The Project India kids got together again for the first time on Sunday, all but one of them; many in the group had not seen each other since college.
“This Is Your Life!” hollered Ed Peck as Mary Ann (Buford) Green, a late arrival, fell into the arms of Jerry Lewis, another of the “PI Kids.” Peck was the tall fellow wearing his official Project India shirt, a whimsical sacred cow print retrieved from years in storage, and a name tag identifying him as Edward Peck, student guest, at a Rotary meeting in Lucknow, India, on Aug. 19, 1955.
“Ed -ward , is it!” teased the others, one of them giving the former U.S. ambassador to Mauritania a hail-fellow-well-met slap on the back.
Everyone agreed that George Wakiji hadn’t changed much, save for the gray sideburns. But Ron Pengilly was able to boast of being “the only one with no gray hair.” Grinning, he added, “the only one without any hair at all.”

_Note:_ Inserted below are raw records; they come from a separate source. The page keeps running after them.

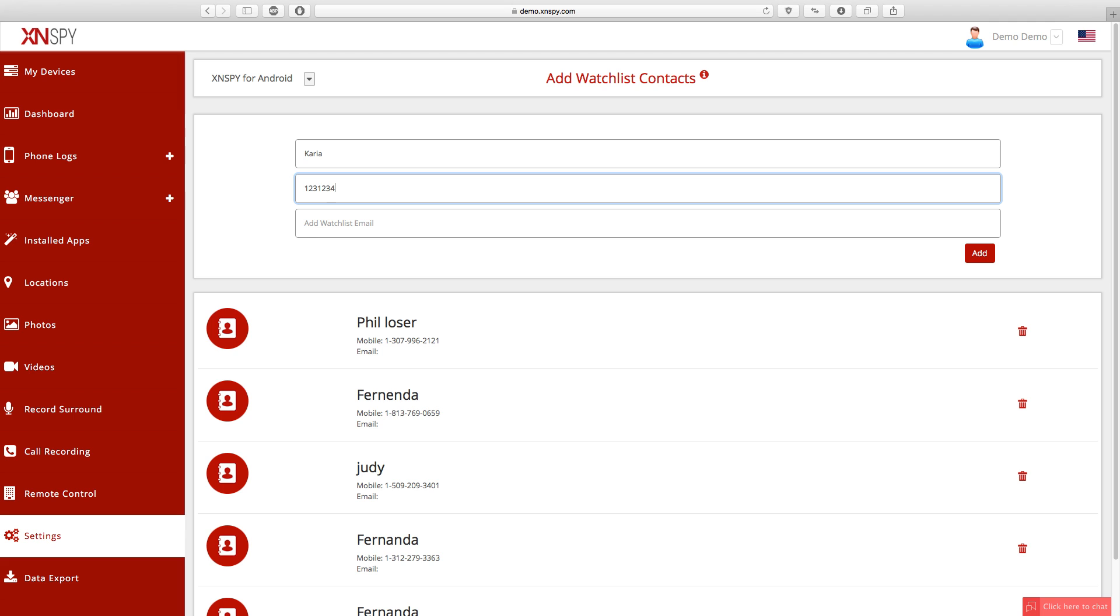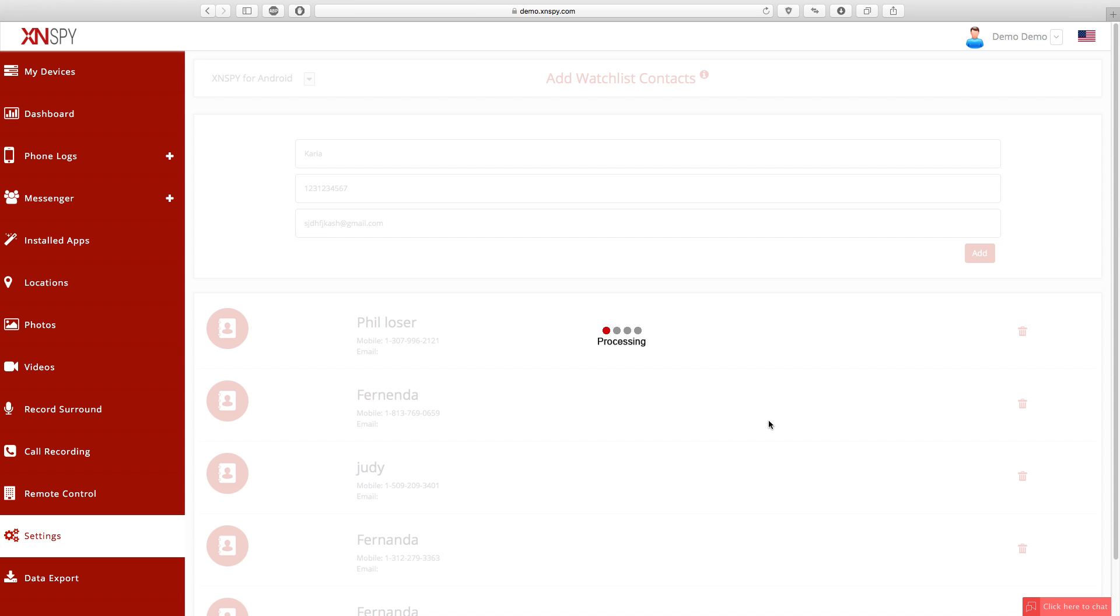Please note that instant alerts features work with all versions of XNSPY. However, if you're using the iCloud version of XNSPY, you'll only be getting the alerts for the watchlisted contacts or keywords. Moreover, XNSPY will provide alerts only after receiving data from iCloud of the monitored user.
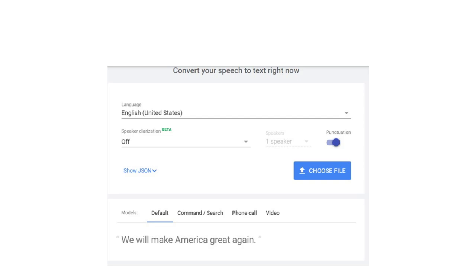We also recovered a well-known statement made by President Donald Trump that was transcribed by Google Text-to-Speech API.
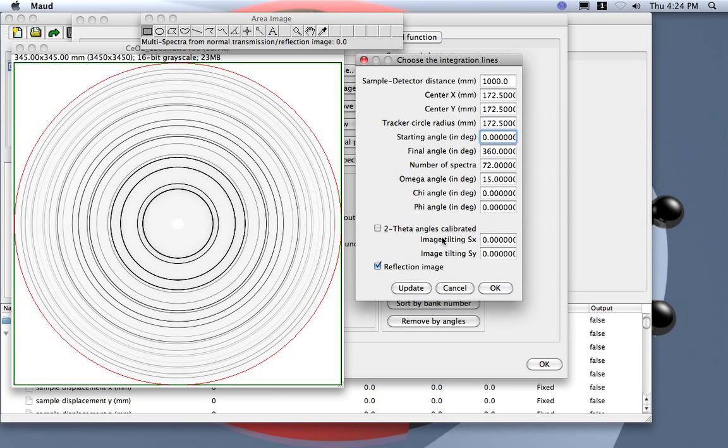Now we will take from zero to 360, so the zero is here and the angle is going around here in this direction.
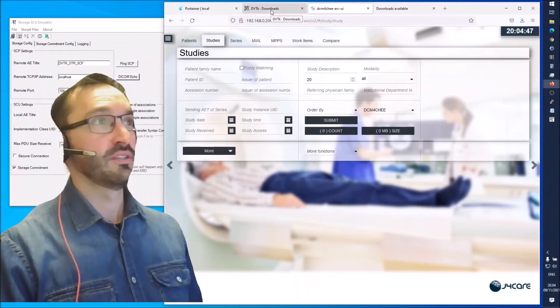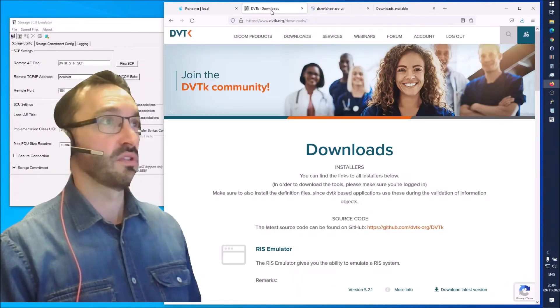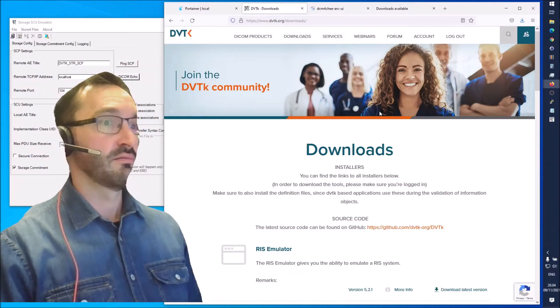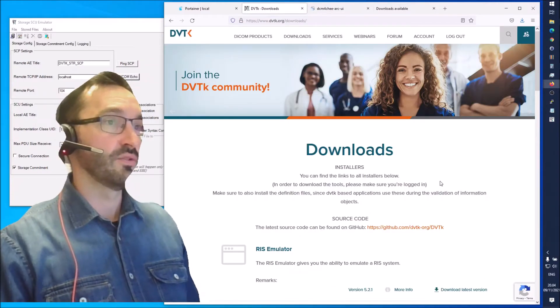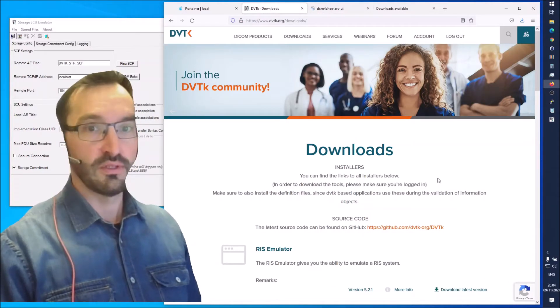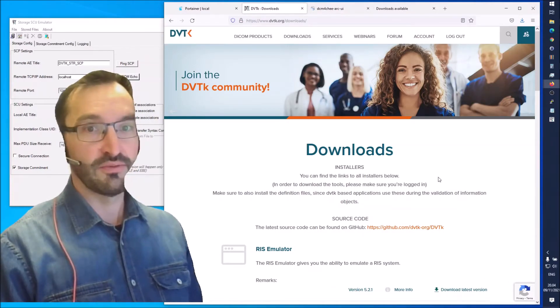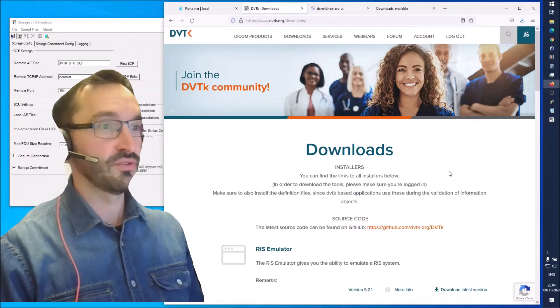In order to send some Daikon4G studies, we are going to use the DVTK tool. There are many tools for sending Daikon4G studies but this is an easy tool to use.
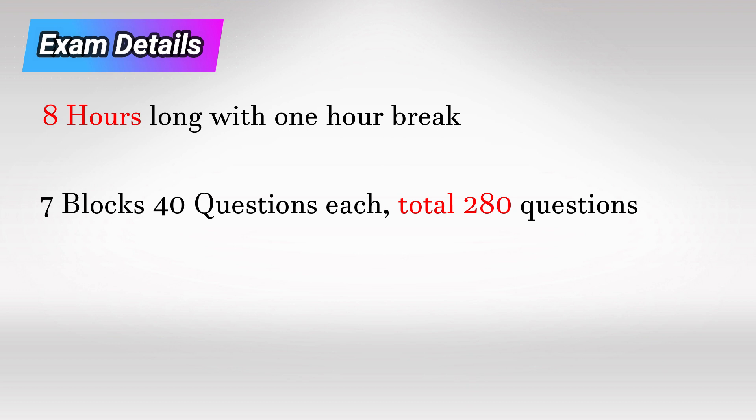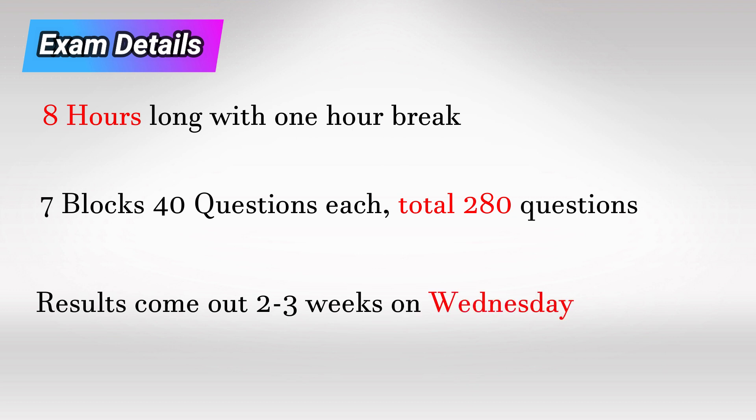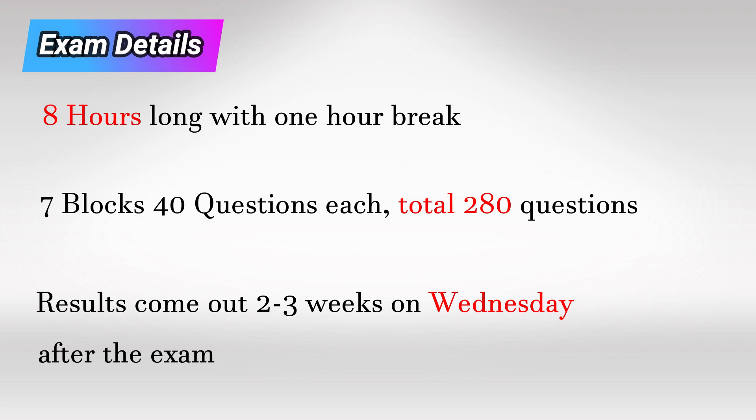2 to 3 weeks after the exam, you will get an email saying that your results are available. Then you go to the ECFMG OASIS portal to check your results.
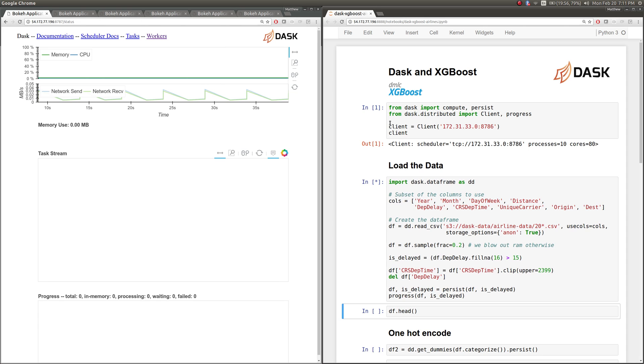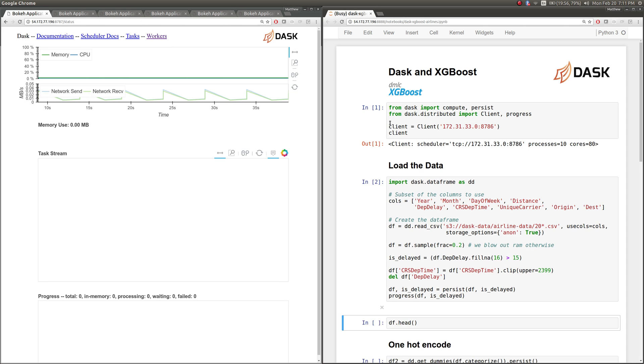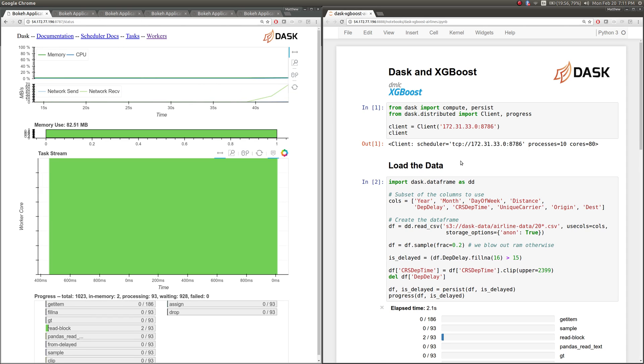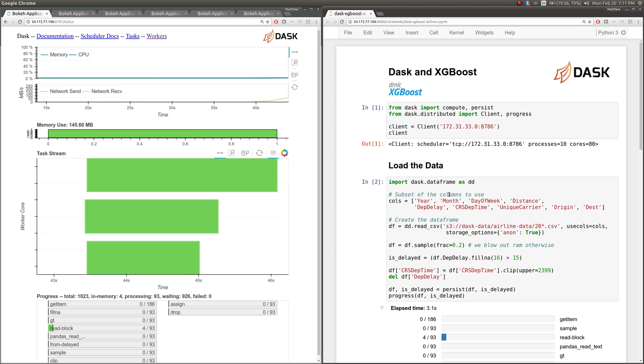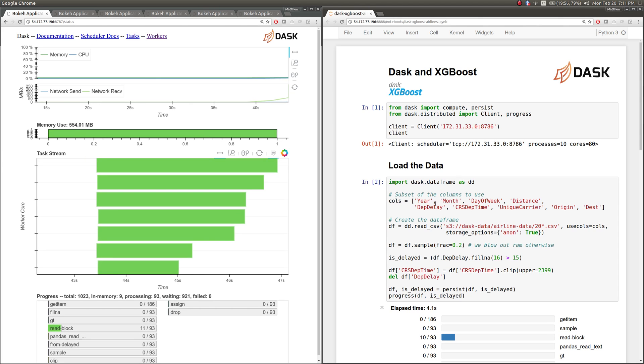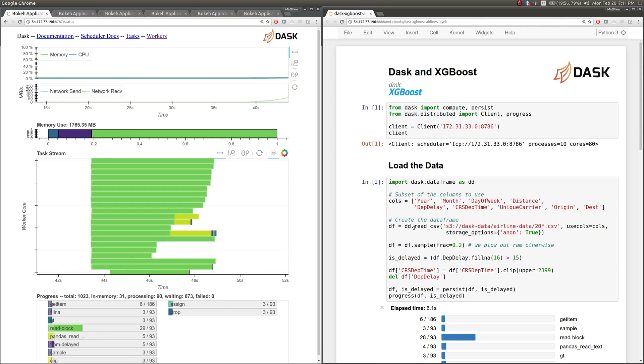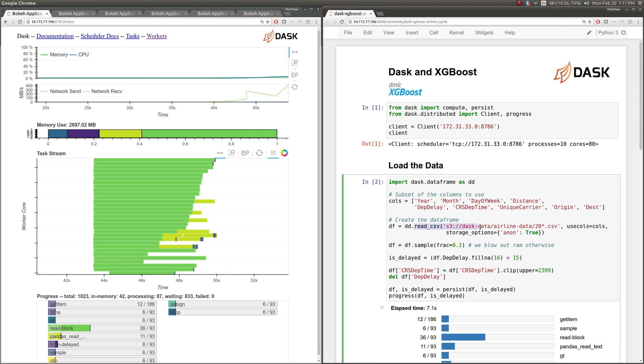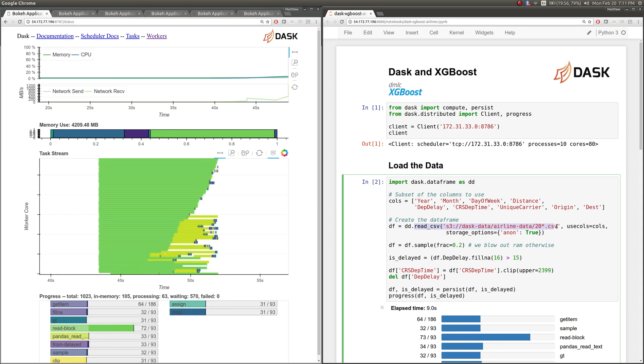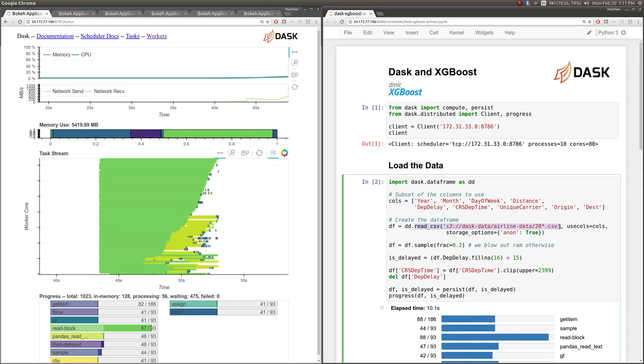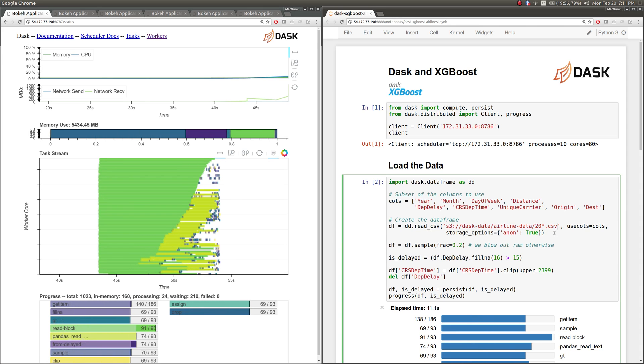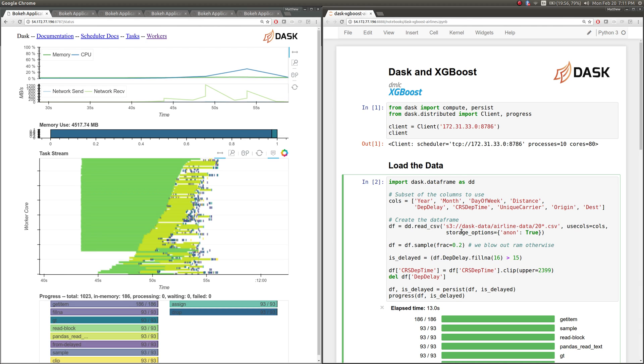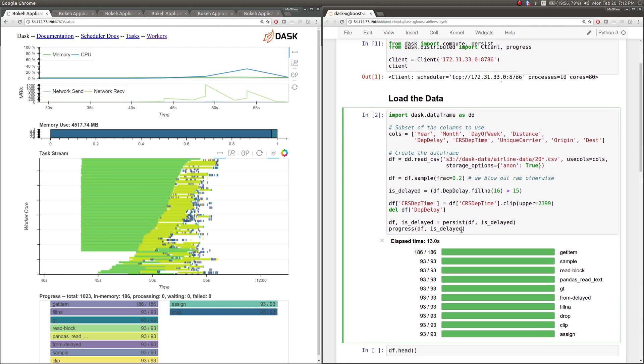To start off, we're going to start loading our data. Here I'm using standard Dask DataFrame utilities, which look just like Pandas. You'll notice ReadCSV is pulling in all of the airline data from the year 2000s up. And we're sampling down a little bit of the data. We actually can't do the training in RAM with the small cluster.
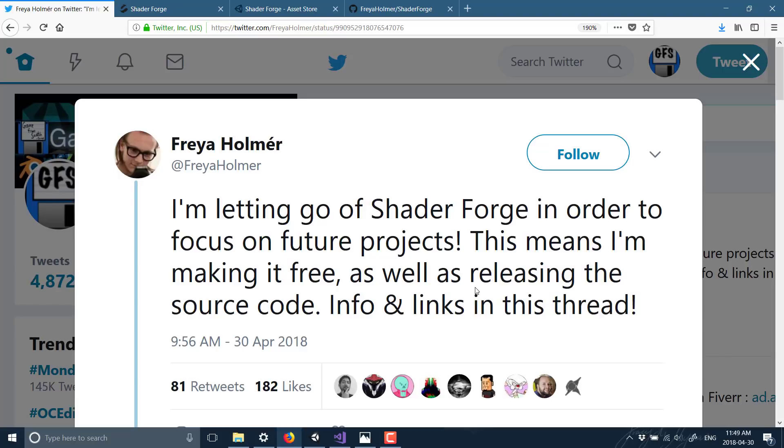Unity 2018 and forward, they're going to have this kind of functionality built in anyway, so this is really only relevant to people using Unity 2017 and earlier or people that want to jump into the source code and learn how this stuff worked.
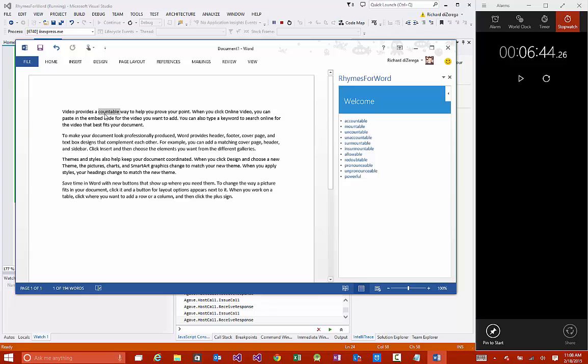So there you go. End to end, an app for Office using bindings, using reading from the document, writing to the document, all fully functioning in a little less than seven minutes. Hopefully this shows you that the app model for Office is very easy to use. You can build applications very quickly that can add a lot of value to office workers. So thanks a lot. Watch the video and hopefully you can build your own rhymes for word app.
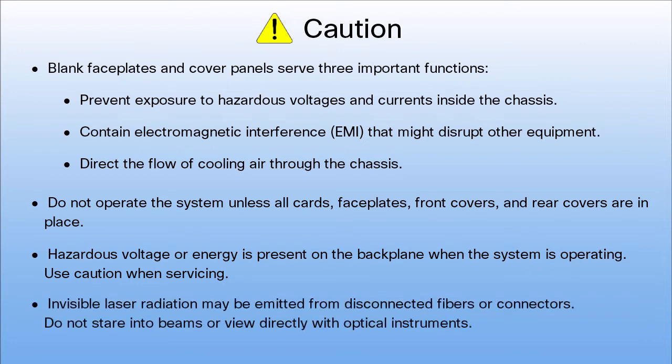Invisible laser radiation may be emitted from disconnected fibers or connectors. Do not stare into beams or view directly with optical instruments.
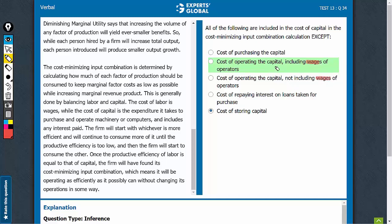Option B says something which includes wages. Option C says something which does not include wages. What includes wages is the labour cost, not the cost of capital. And therefore, Option B is the right answer choice. Quite straightforward.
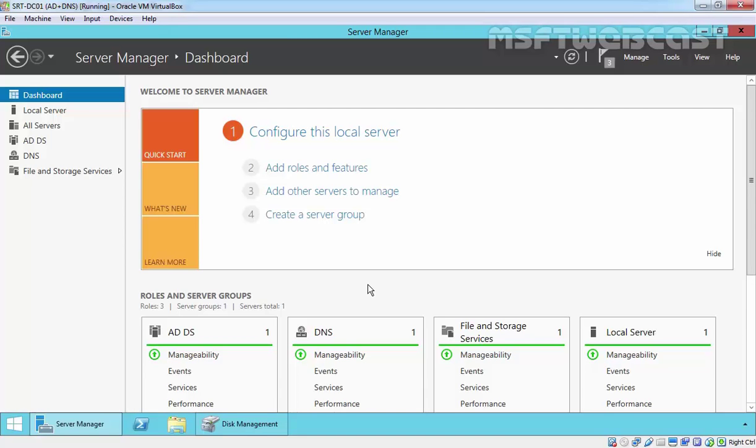Hello friends, I am Man here and welcome to MS Uptive Webcast. In this video demonstration, we are going to see how to configure NFS share using the server manager wizard.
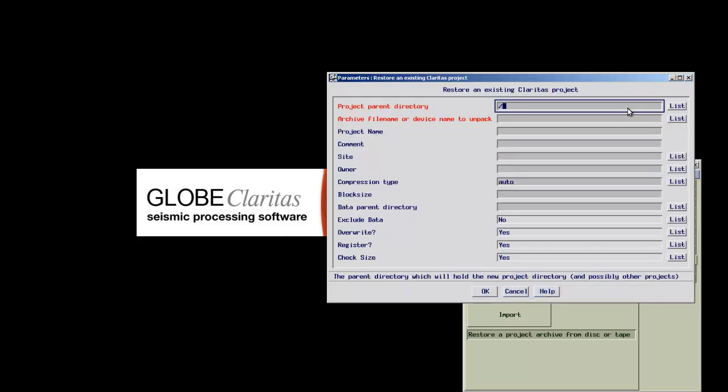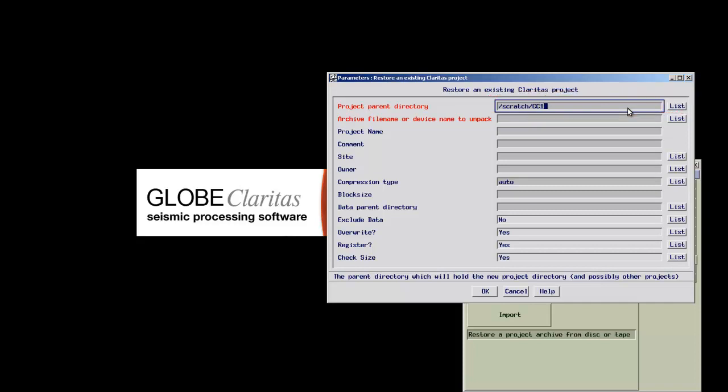Red parameters in the form are mandatory. In the first line, you define where on your system to install the Claritas project, which includes data, job flows, and supplementary files.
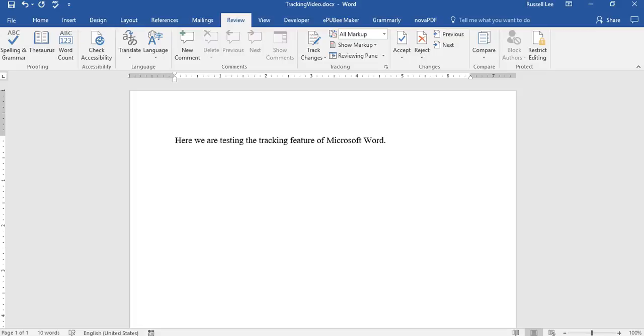Hi, welcome to my video. This is a video that's going to be talking about the tracking feature in Microsoft Word 2016.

They ate curry, delicious fare that resembled not at all some of the concoctions they remembered from the kitchens of no-frills guest houses in small towns in the South of India. But, with strict instructions never to refuse anything, they had hewed to what Pengilly called a “hold your nose and eat course,” even when the entree was porridge with boiled water buffalo meat.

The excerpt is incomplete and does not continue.